------ DATA ------

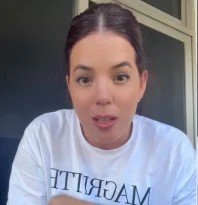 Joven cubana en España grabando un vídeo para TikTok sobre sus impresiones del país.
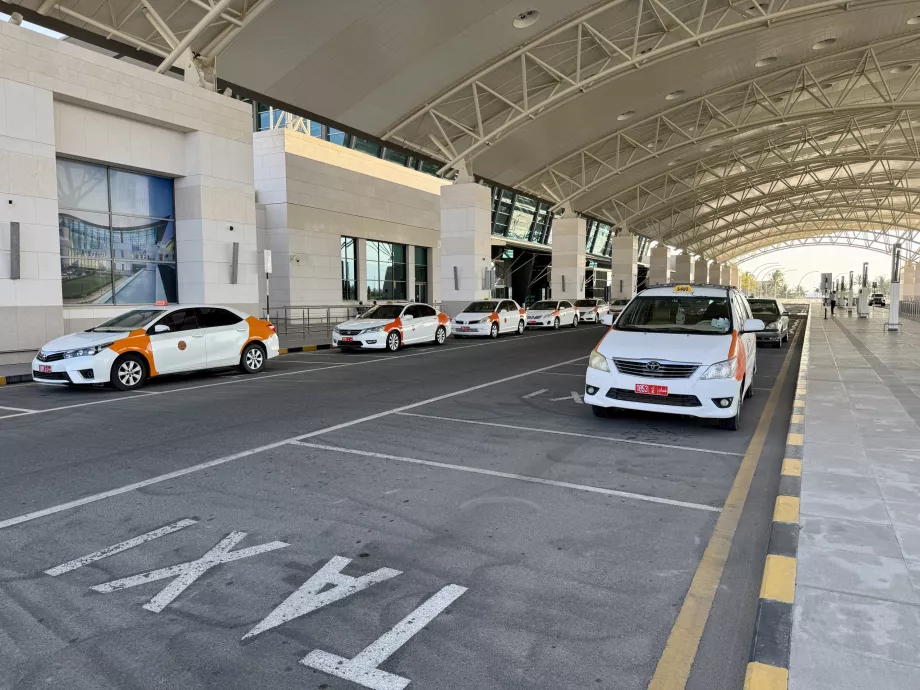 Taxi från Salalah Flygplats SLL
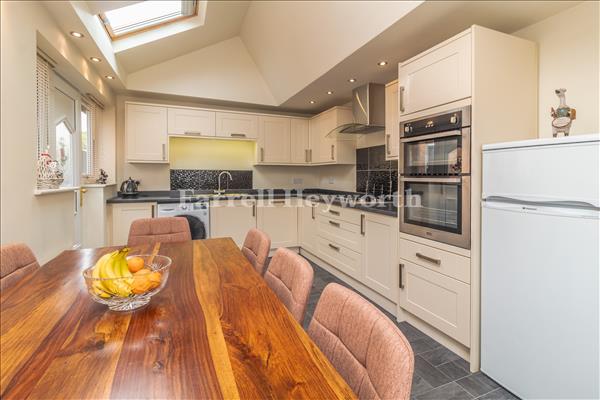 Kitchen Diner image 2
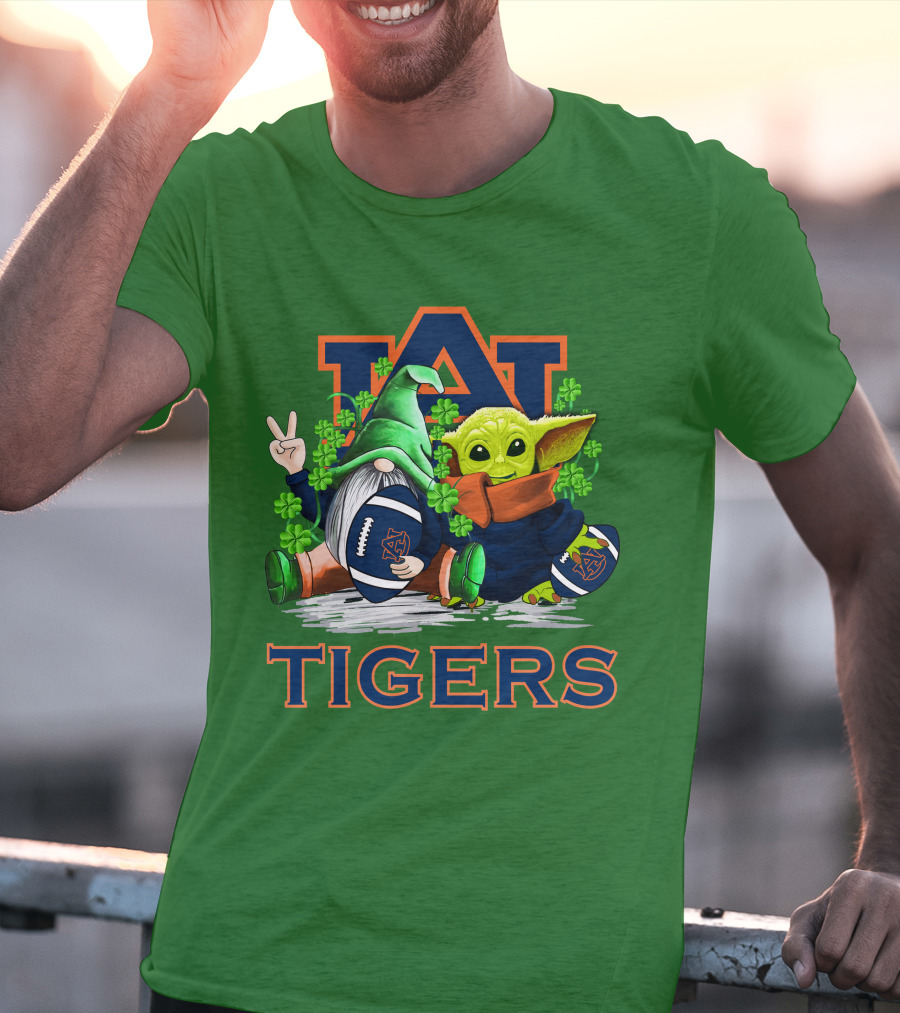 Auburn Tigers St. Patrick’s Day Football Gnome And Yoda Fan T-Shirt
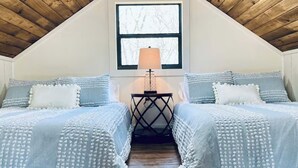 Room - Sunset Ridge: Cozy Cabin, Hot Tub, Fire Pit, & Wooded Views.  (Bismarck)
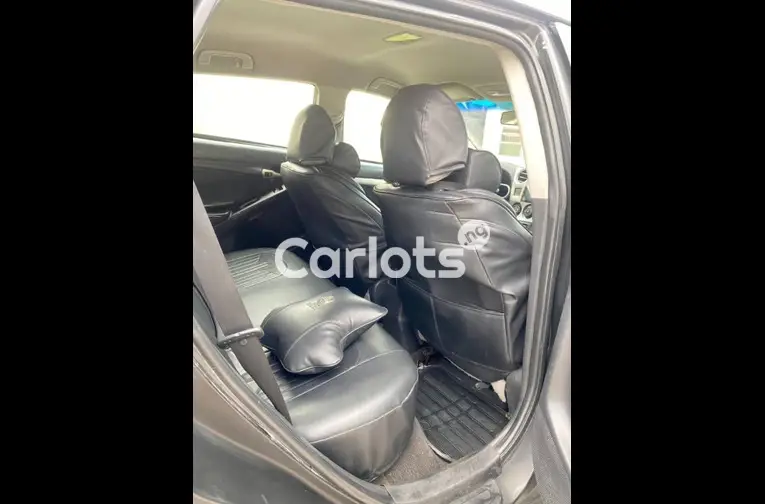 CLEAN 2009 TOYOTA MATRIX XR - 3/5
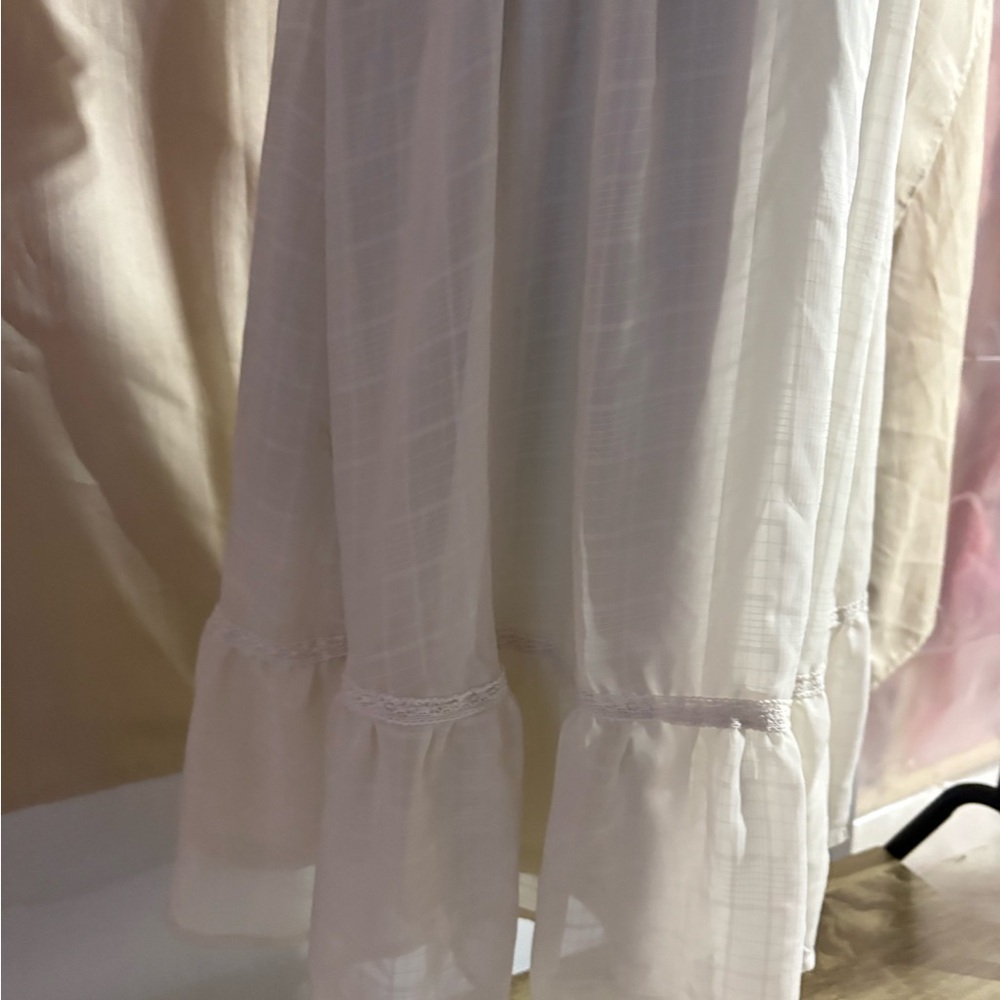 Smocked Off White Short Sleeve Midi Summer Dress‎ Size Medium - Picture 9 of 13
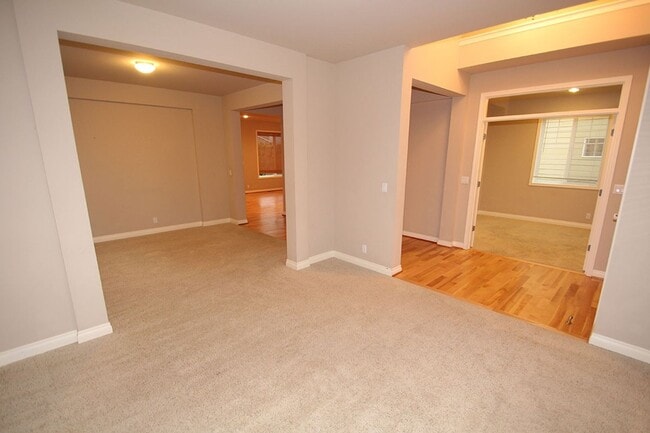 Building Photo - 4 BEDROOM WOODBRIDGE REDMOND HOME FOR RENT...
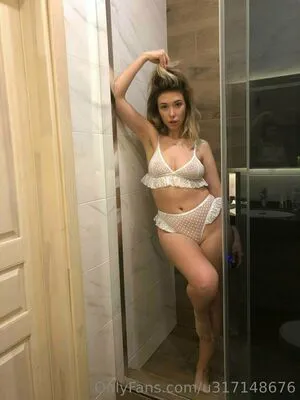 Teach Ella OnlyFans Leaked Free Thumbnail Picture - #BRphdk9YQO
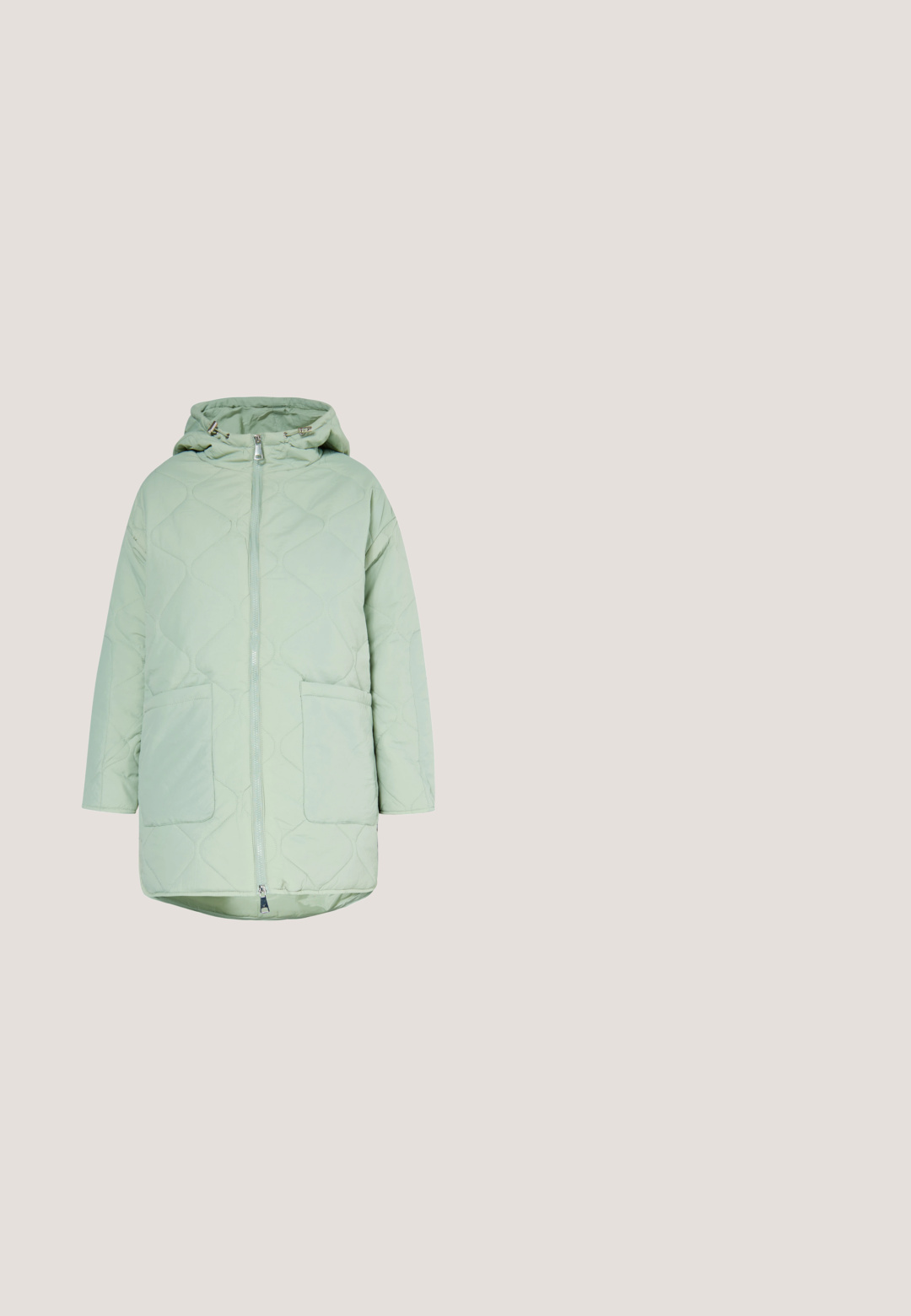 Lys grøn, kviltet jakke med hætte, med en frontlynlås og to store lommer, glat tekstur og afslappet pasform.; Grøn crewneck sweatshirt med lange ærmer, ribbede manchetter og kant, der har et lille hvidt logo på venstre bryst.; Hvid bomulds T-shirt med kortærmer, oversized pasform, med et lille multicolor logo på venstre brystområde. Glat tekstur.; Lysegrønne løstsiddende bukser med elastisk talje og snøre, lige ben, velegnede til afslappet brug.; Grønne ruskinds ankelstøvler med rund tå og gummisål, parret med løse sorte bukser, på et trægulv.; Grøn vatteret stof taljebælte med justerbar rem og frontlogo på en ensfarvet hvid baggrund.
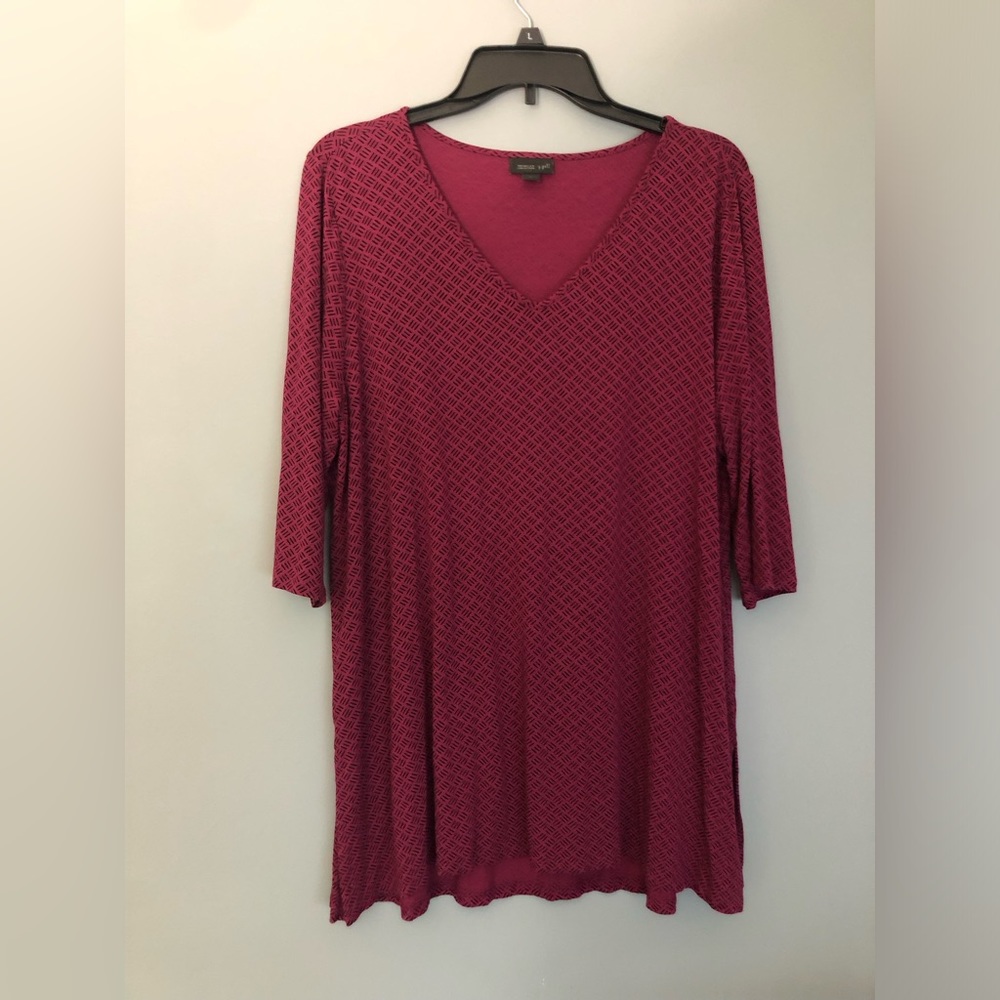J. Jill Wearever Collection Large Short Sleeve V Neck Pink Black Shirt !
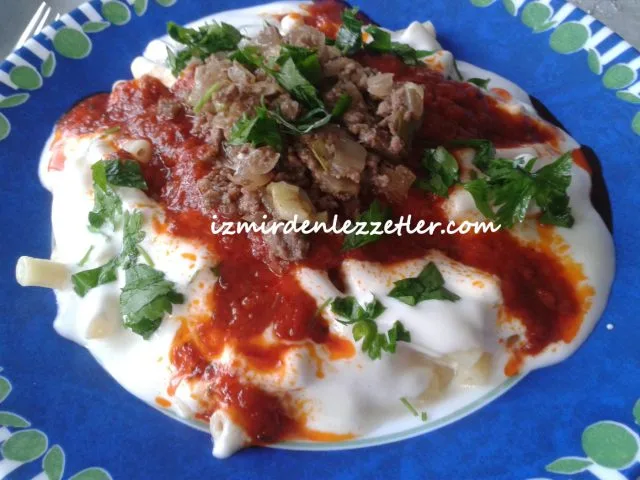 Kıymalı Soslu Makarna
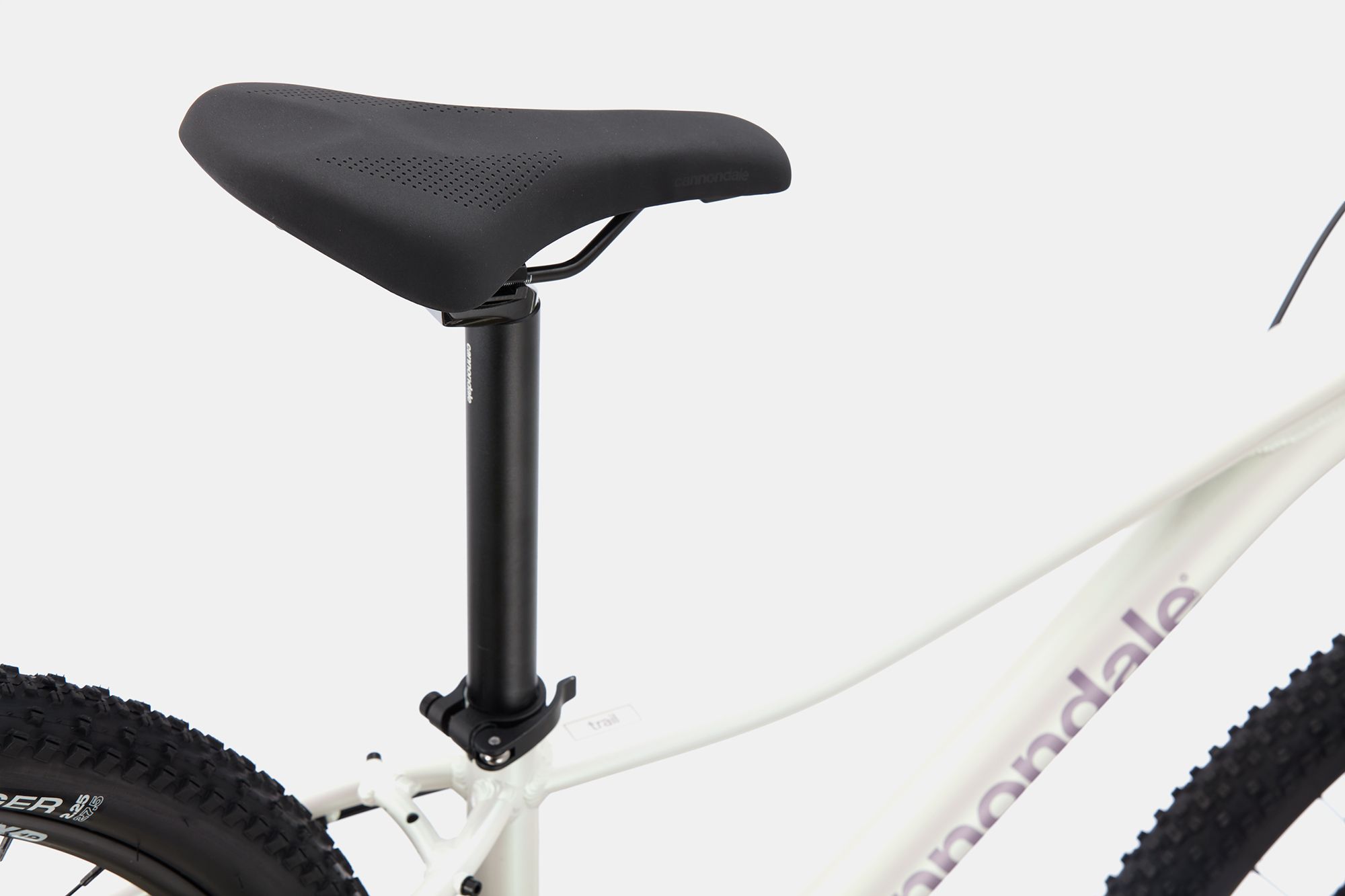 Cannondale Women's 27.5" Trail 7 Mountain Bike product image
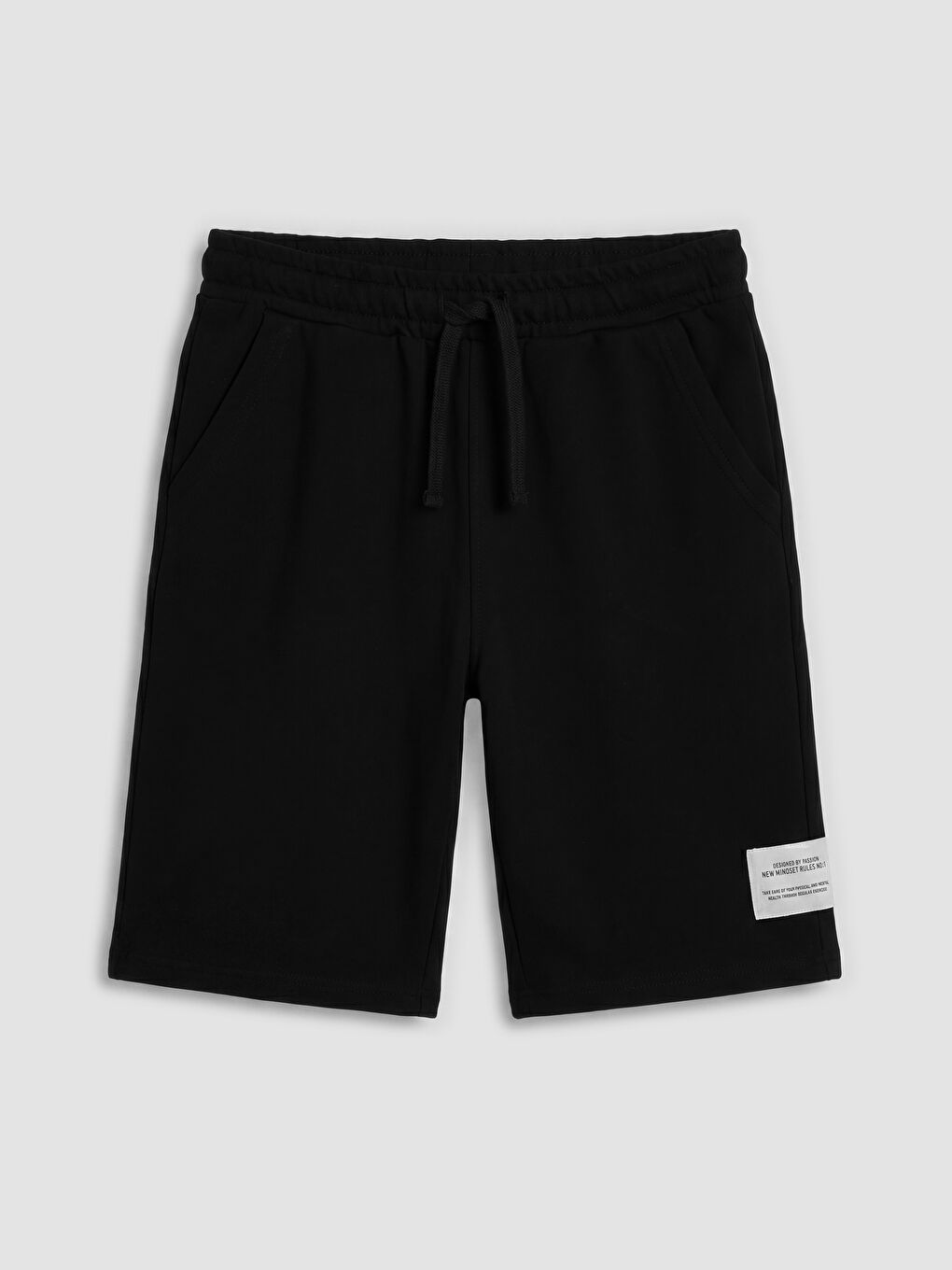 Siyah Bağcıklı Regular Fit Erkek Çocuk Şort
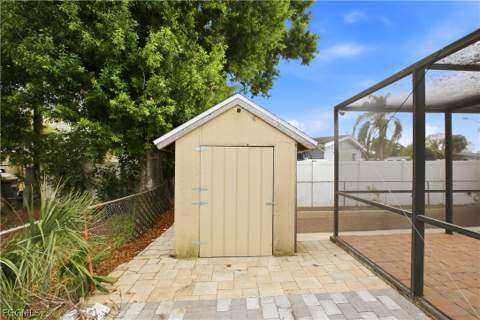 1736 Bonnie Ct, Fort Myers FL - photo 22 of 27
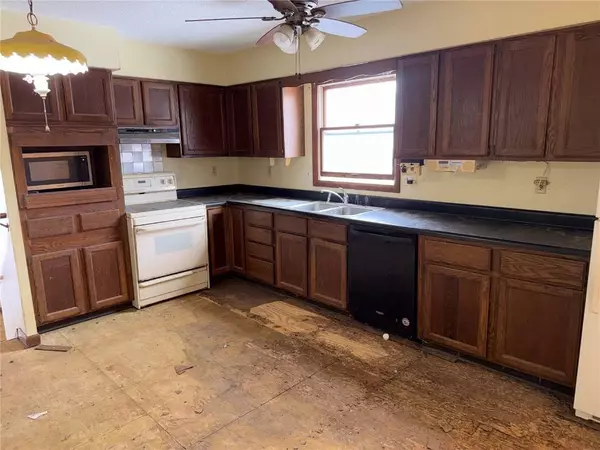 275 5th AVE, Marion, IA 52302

------

ACTION ITEM:
The response has to be an exact copy of all the data, pictures excluded.

RESPONSE BELOW:
 Joven cubana en España grabando un vídeo para TikTok sobre sus impresiones del país.
 Taxi från Salalah Flygplats SLL
 Kitchen Diner image 2
 Auburn Tigers St. Patrick’s Day Football Gnome And Yoda Fan T-Shirt
 Room - Sunset Ridge: Cozy Cabin, Hot Tub, Fire Pit, & Wooded Views.  (Bismarck)
 CLEAN 2009 TOYOTA MATRIX XR - 3/5
 Smocked Off White Short Sleeve Midi Summer Dress‎ Size Medium - Picture 9 of 13
 Building Photo - 4 BEDROOM WOODBRIDGE REDMOND HOME FOR RENT...
 Teach Ella OnlyFans Leaked Free Thumbnail Picture - #BRphdk9YQO
 Lys grøn, kviltet jakke med hætte, med en frontlynlås og to store lommer, glat tekstur og afslappet pasform.; Grøn crewneck sweatshirt med lange ærmer, ribbede manchetter og kant, der har et lille hvidt logo på venstre bryst.; Hvid bomulds T-shirt med kortærmer, oversized pasform, med et lille multicolor logo på venstre brystområde. Glat tekstur.; Lysegrønne løstsiddende bukser med elastisk talje og snøre, lige ben, velegnede til afslappet brug.; Grønne ruskinds ankelstøvler med rund tå og gummisål, parret med løse sorte bukser, på et trægulv.; Grøn vatteret stof taljebælte med justerbar rem og frontlogo på en ensfarvet hvid baggrund.
J. Jill Wearever Collection Large Short Sleeve V Neck Pink Black Shirt !
 Kıymalı Soslu Makarna
 Cannondale Women's 27.5" Trail 7 Mountain Bike product image
 Siyah Bağcıklı Regular Fit Erkek Çocuk Şort
 1736 Bonnie Ct, Fort Myers FL - photo 22 of 27
 275 5th AVE, Marion, IA 52302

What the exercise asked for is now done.